* PROBLEM DETAILS: Copy, word for word, the lines of the listing below from the line with "Hyundai Staria 2023" up to and including the line with "Used 2010 Lincoln MKT AWD image 17". Drop the pictures.

++++++++++

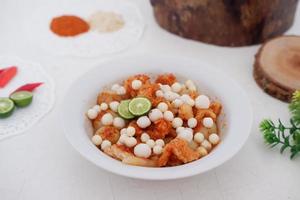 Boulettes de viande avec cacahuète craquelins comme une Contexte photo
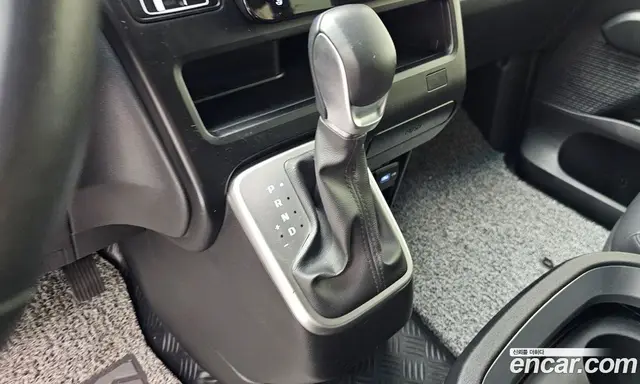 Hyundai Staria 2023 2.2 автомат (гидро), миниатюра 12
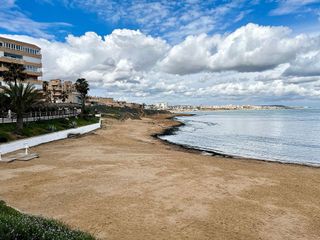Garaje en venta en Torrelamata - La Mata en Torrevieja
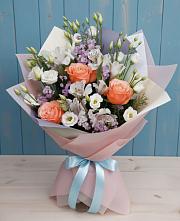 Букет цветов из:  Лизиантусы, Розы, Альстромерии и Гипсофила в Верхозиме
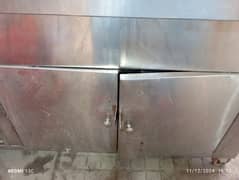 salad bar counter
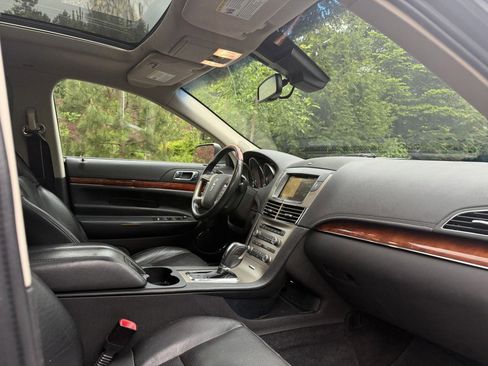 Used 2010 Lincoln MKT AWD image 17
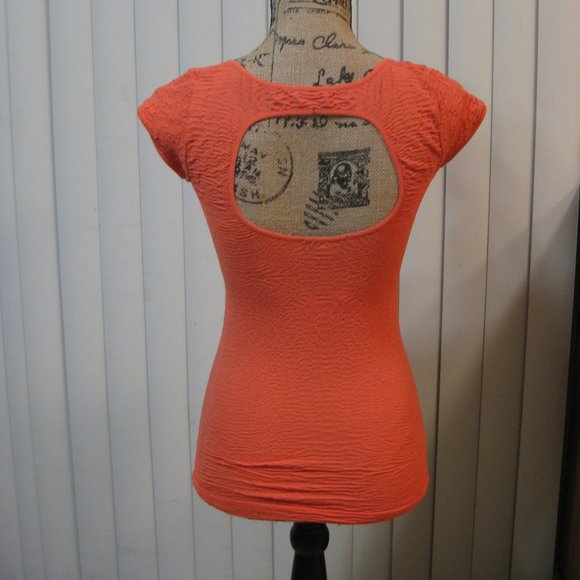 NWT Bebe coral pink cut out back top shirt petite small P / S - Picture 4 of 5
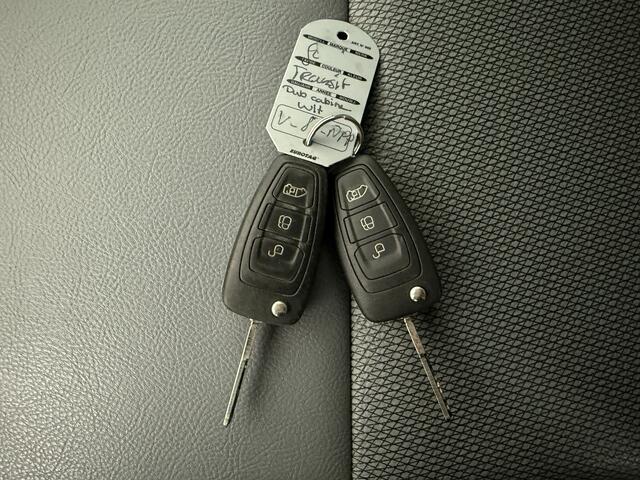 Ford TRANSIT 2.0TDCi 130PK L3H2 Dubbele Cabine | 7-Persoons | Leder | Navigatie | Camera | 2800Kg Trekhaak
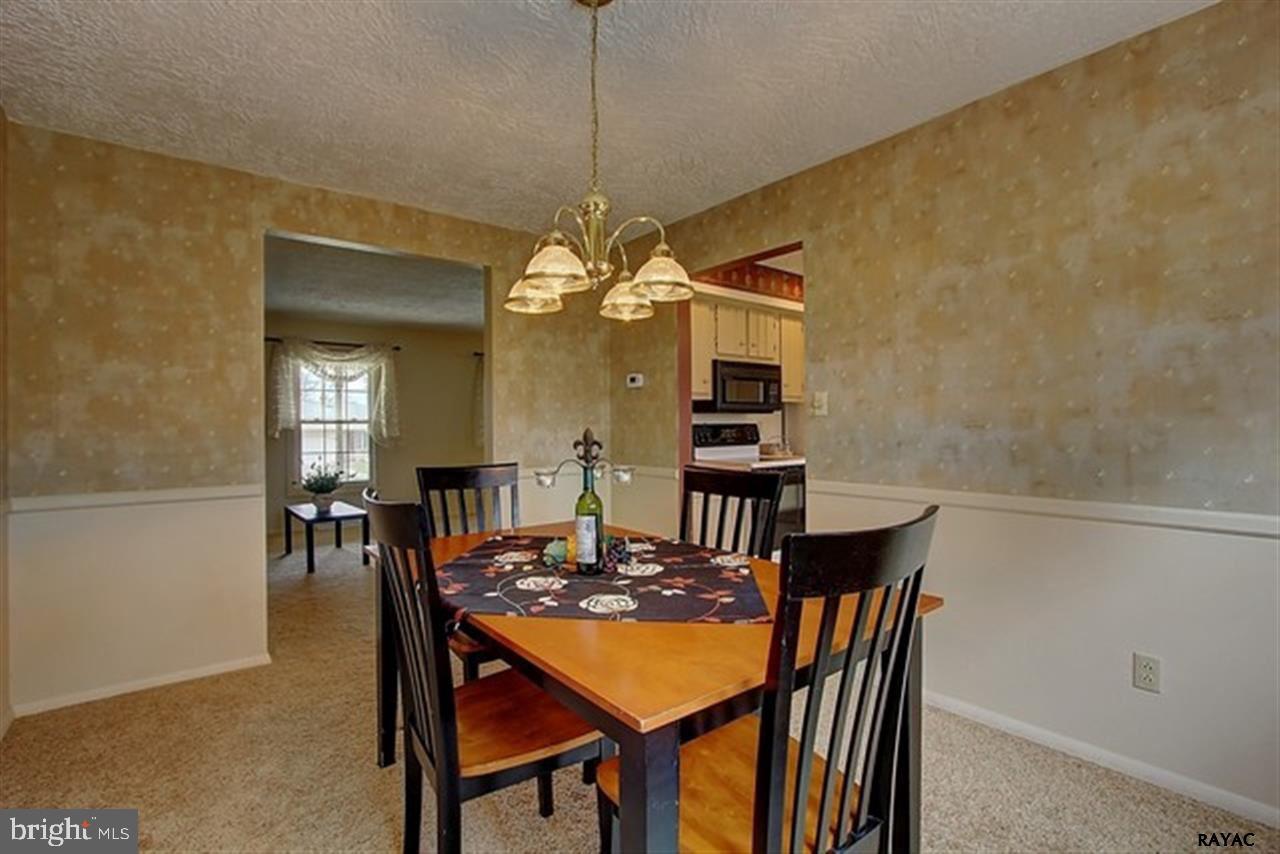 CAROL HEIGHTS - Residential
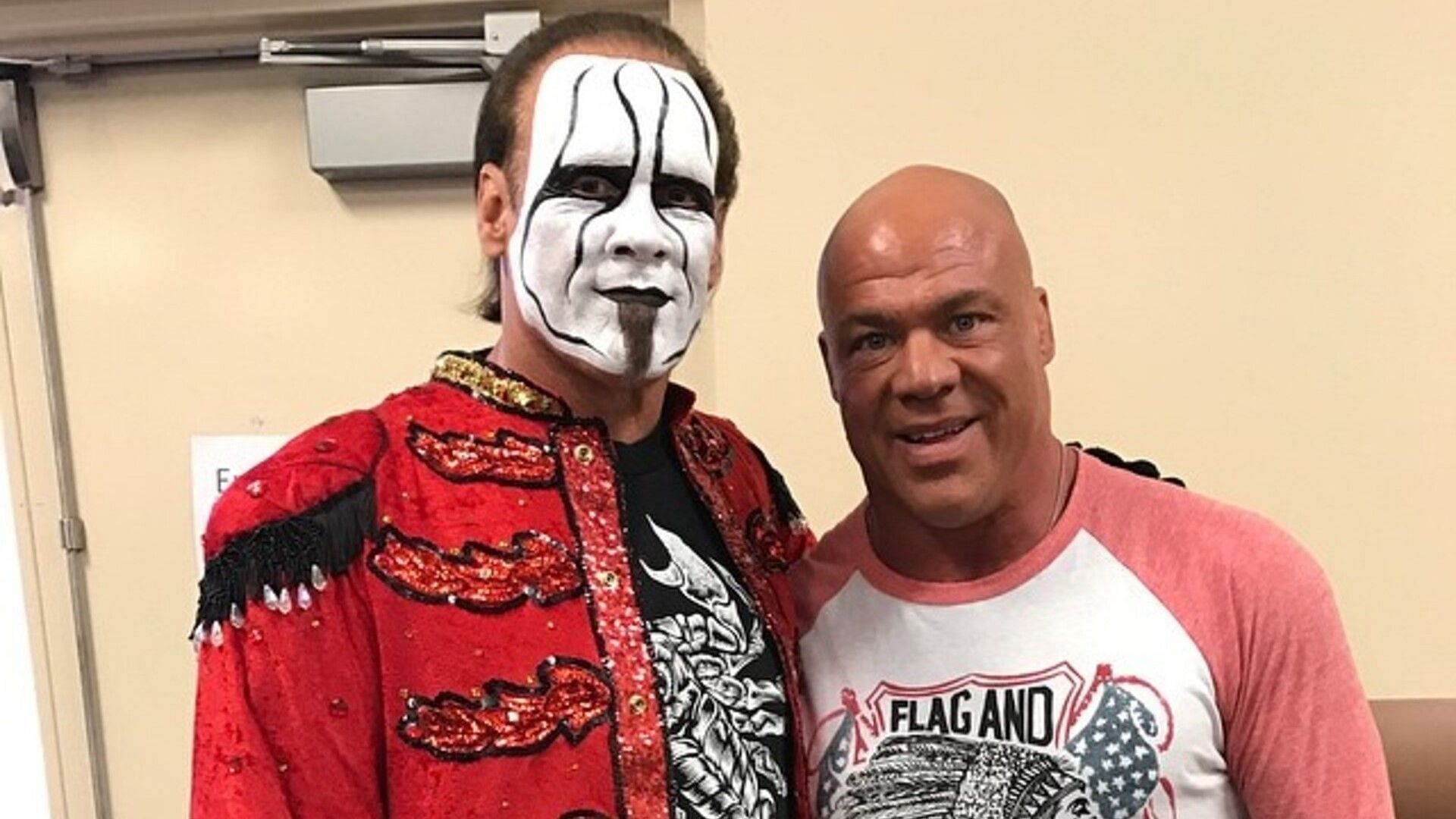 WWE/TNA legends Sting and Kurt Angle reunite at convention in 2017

++++++++++

* EXERCISE OUTPUT:
 Hyundai Staria 2023 2.2 автомат (гидро), миниатюра 12
Garaje en venta en Torrelamata - La Mata en Torrevieja
 Букет цветов из:  Лизиантусы, Розы, Альстромерии и Гипсофила в Верхозиме
 salad bar counter
 Used 2010 Lincoln MKT AWD image 17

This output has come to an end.